== Task goal ==
Among the entries below, take the line with "Hello everyone, my" and the line with "Here's your tank.", and output them and every line between them exactly, with nothing else.

== Information supplied ==
+===+
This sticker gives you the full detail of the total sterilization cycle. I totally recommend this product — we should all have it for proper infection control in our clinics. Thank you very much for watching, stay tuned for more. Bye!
+===+
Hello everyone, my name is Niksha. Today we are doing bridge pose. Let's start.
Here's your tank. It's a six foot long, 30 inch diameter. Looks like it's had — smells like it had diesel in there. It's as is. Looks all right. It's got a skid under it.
+===+
== Task solution ==
Hello everyone, my name is Niksha. Today we are doing bridge pose. Let's start.
Here's your tank. It's a six foot long, 30 inch diameter. Looks like it's had — smells like it had diesel in there. It's as is. Looks all right. It's got a skid under it.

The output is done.